Checking through the archives, it seems it was just over a year ago that I blogged about “Merriweather Post Pavilion”, which rapidly became one of the most viewed posts out of the 592 I’ve managed on Wild Mercury Sound, and maybe signalled to us how popular this extraordinary band were becoming. But where that album is fully-saturated and electrified, “Campfire Songs” reduces the Animal Collective sound to its bare, spindly bones.
For a good while, this was actually my favourite AC album, and it still sounds great: Avey Tare and Panda Bear on a Maryland porch, strumming and harmonising in very dislocated, beatific fashion, while Geologist uses field recording techniques to capture not just their playing, but the ambience of their environment. If Animal Collective were once aligned to the whole freak-folk thing, it’s due in no small part to this album.
Much of the five tracks seems loosely improvised on the spot, as one sigh and slither of melody gently coalesces into another. It’s interesting, though, listening to it with the knowledge of what the band have done since.

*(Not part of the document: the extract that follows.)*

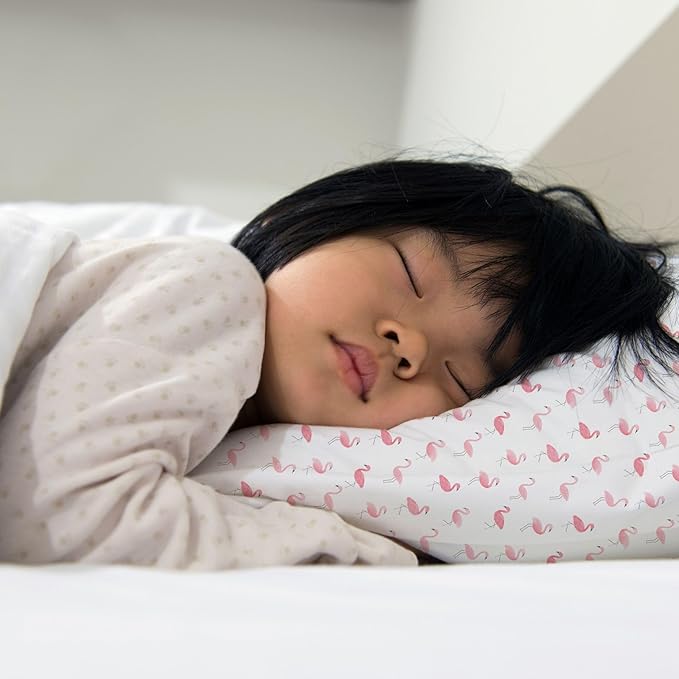 Little Sleepy Head Youth Pillow with Pillowcase 16x22, Soft Jumbo Toddler Pillow, Hypoallergenic Pillowcase - Best Kids Pillows for Sleeping, Perfect Kids Travel Pillow (Flamingo Flock)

Somehow, the tunes become more accessible, as a result, I guess, of our increasing familiarity with how Dave Portner and Noah Lennox construct songs.

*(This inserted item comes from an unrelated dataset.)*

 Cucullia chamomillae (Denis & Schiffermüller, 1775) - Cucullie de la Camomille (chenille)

So while “Queen In My Pictures” opens “Campfire Songs” with nine-odd minutes of hesitant, strung-out acoustic ambience, it turns into “Doggy” (and there’s a title, rich with infantilism, that now looks programmed to wind up those who criticise AC as insufferably twee); a song which, treated differently, wouldn’t be much less striking than something like “My Girls”.

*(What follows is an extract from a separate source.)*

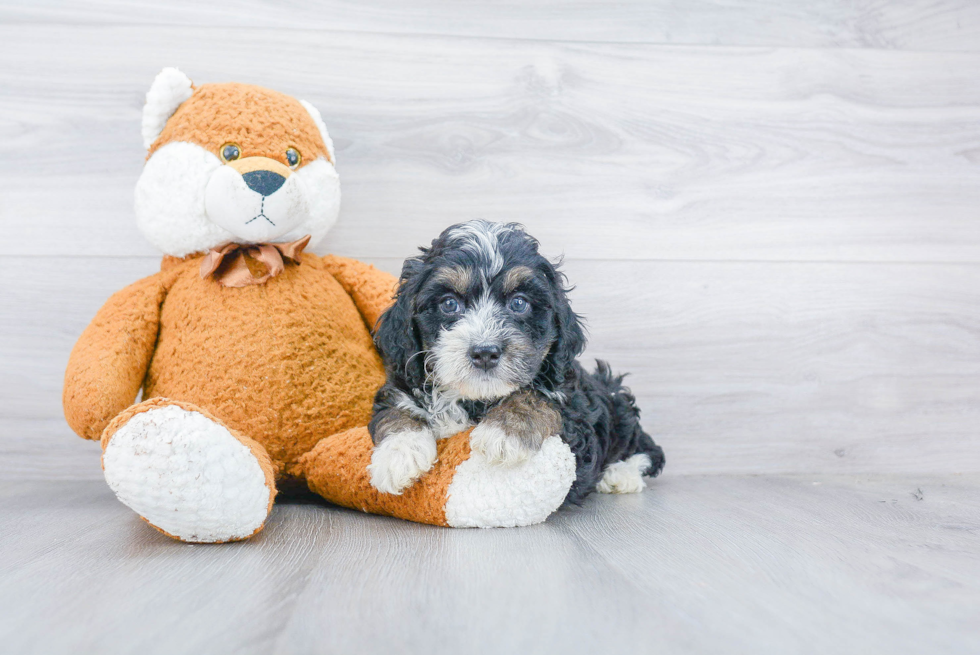 Mini Bernedoodle Puppy for Adoption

It’s a lovely, intimate, immersive record, if you haven’t heard it before, and one which, while “Merriweather” seems very much of its precise time, feels comparatively ageless. Soon enough, Animal Collective would revisit these gaseous ideas, in more structured form, on “Sung Tongs” and, especially, the “Prospect Hummer” EP with Vashti Bunyan. In some ways, though, they were never gentler, or wilder, than here.